Zomato Restaurant Clustering And Sentiment Analysis

Introduction

In today’s digitized modern world, the popularity of food apps is increasing due to their functionality to view, book, and order food with a few clicks on the phone for their favorite restaurant or cafes, by surveying the user ratings and reviews of the previously visited customers. Food app like Zomato provides a secular part where user can rate their experience of the visited restaurant or café. Zomato is a site where someone can give a review of a restaurant, how the restaurant is, and someone's opinion about the restaurant. Restaurant customer satisfaction can be analyzed by their review on Zomato. Sometimes, restaurants see the reviews in Zomato, but they don't get if the reviews are positive or negative to their restaurants. Reviews on Zomato are still in the form of text and can be classified with positive, negative, or neutral ratings.

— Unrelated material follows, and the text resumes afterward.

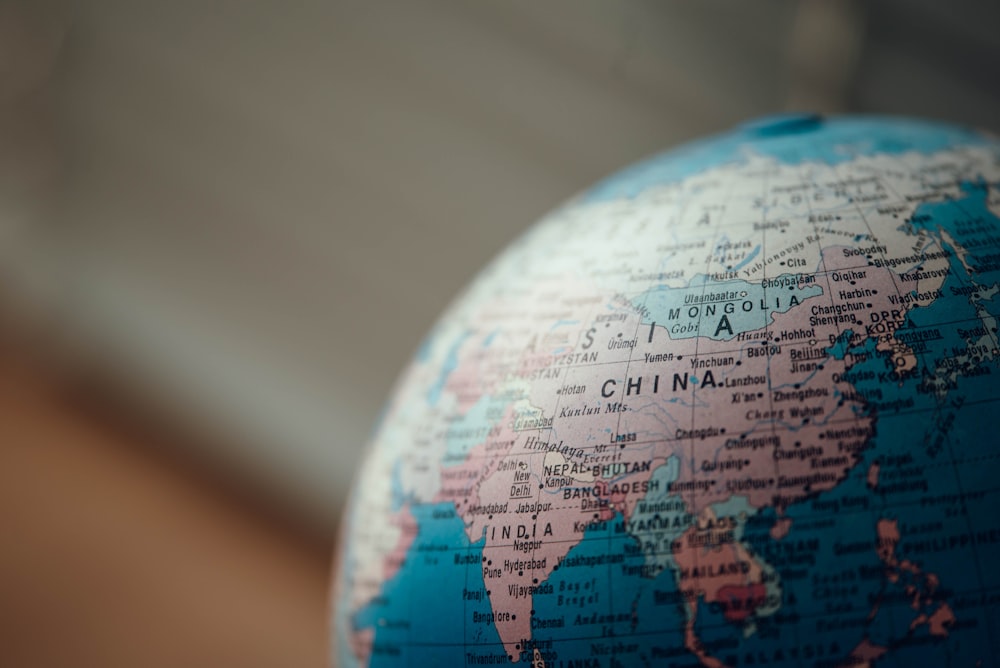 close up photo of blue desk globe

Starting with EDA we found the most and least expensive restaurants and also found out the critics which have rated more than 100 restaurants and have more than 10000 followers on which restaurant staff should focus.

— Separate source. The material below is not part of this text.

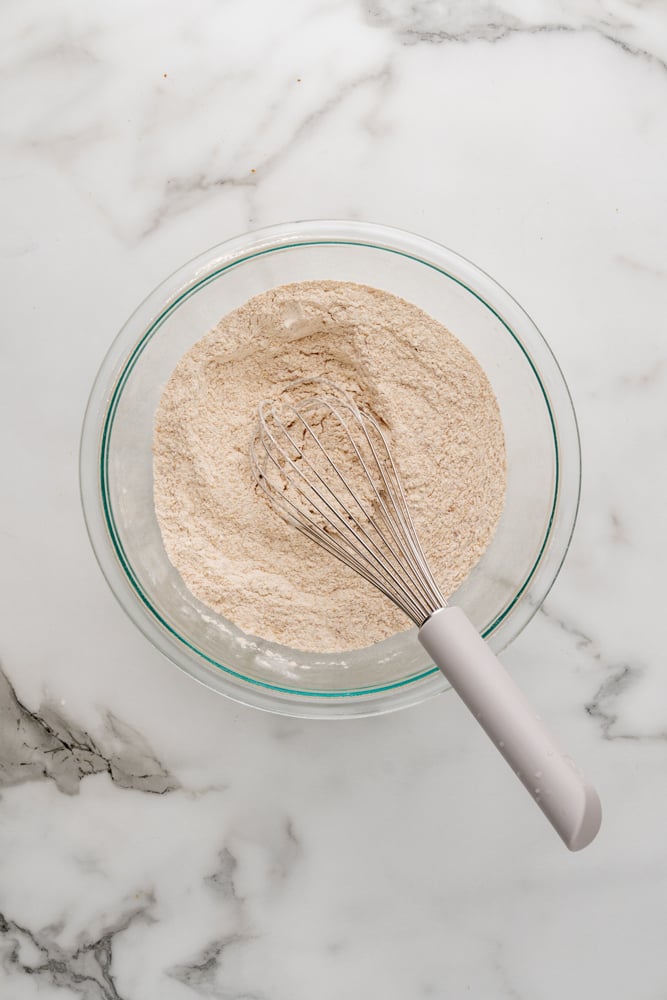 spices and flour in a clear glass bowl after mixing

For clustering, we have decided on 3 clusters after the Silhouette score plot and elbow plot where we used KMeans clustering and Hierarchical clustering algorithms. During clustering, we created a superset of cuisine and cost as features for the clusters.

For sentiment analysis, we used both supervised and unsupervised techniques where we used Linear Discriminant Analysis & Non-negative Matrix Factorization for unsupervised and Multinomial NB, Logistic regression, Decision trees, and its ensembles for supervised learning. In Sentiment Analysis, we converted the ratings above 3.5 as positive and the rating below 3.5 as negative. After tuning the hyperparameters and using the cross-validation technique, the optimum hyperparameters were chosen for the models and the best model was chosen as logistic regression and Lightgbm classifier for supervised learning technique.

Problem Statement

Your task is to cluster the Zomato restaurants into different segments. Also, the data has valuable information around cuisine and costs which can be used in cost vs. benefit analysis Perform sentiment analysis. Also, use the metadata of reviewers to identify the critics in the industry.

About the data

There are two data files

"Zomato restaurant reviews" has the Name of the Restaurant, Name of the customer, their review, rating, follower details, Time of Review, and the number of photos uploaded along with the review. This data has been mainly used for Sentiment analysis.
- Restaurant: Name of the Restaurant
- Reviewer: Name of the Reviewer
- Review: Review Text
- Rating: Rating Provided by Reviewer
- MetaData: Reviewer Metadata - No. of Reviews and followers
- Time: Date and Time of Review
- Pictures: No. of pictures posted with the review
"Zomato Restaurant names and Metadata" has the details of the Name of the Restaurant, Link to order on their restaurant on Zomato, Average cost, Tags for the restaurants, Cuisines, and timings. This data has been mainly used for clustering.
- Name: Name of Restaurants
- Links: URL Links of Restaurants
- Cost: Per person estimated Cost of dining
- Collection: Tagging of Restaurants w.r.t. Zomato categories
- Cuisines: Cuisines served by Restaurants
- Timings: Restaurant Timings

Steps involved:

Null values Treatment

The data set had null values out of which we replaced some with the mean of the feature some by zero and dropped some observations which were almost filled with null values.

Outliers treatment

Isolation Forests(IF), similar to Random Forests, are built based on decision trees. And since there are no predefined labels here, it is an unsupervised model.IsolationForests were built based on the fact that anomalies are the data points that are “few and different”.In an Isolation Forest, randomly sub-sampled data is processed in a tree structure based on randomly selected features. The samples that travel deeper into the tree are less likely to be anomalies as they require more cuts to isolate them. Similarly, the samples which end up in shorter branches indicate anomalies as it was easier for the tree to separate them from other observations.

Exploratory Data Analysis

We performed univariate and bivariate analyses. This process helped us figure out various aspects and relationships among variables. It gave us a better idea of which feature behaves in which manner.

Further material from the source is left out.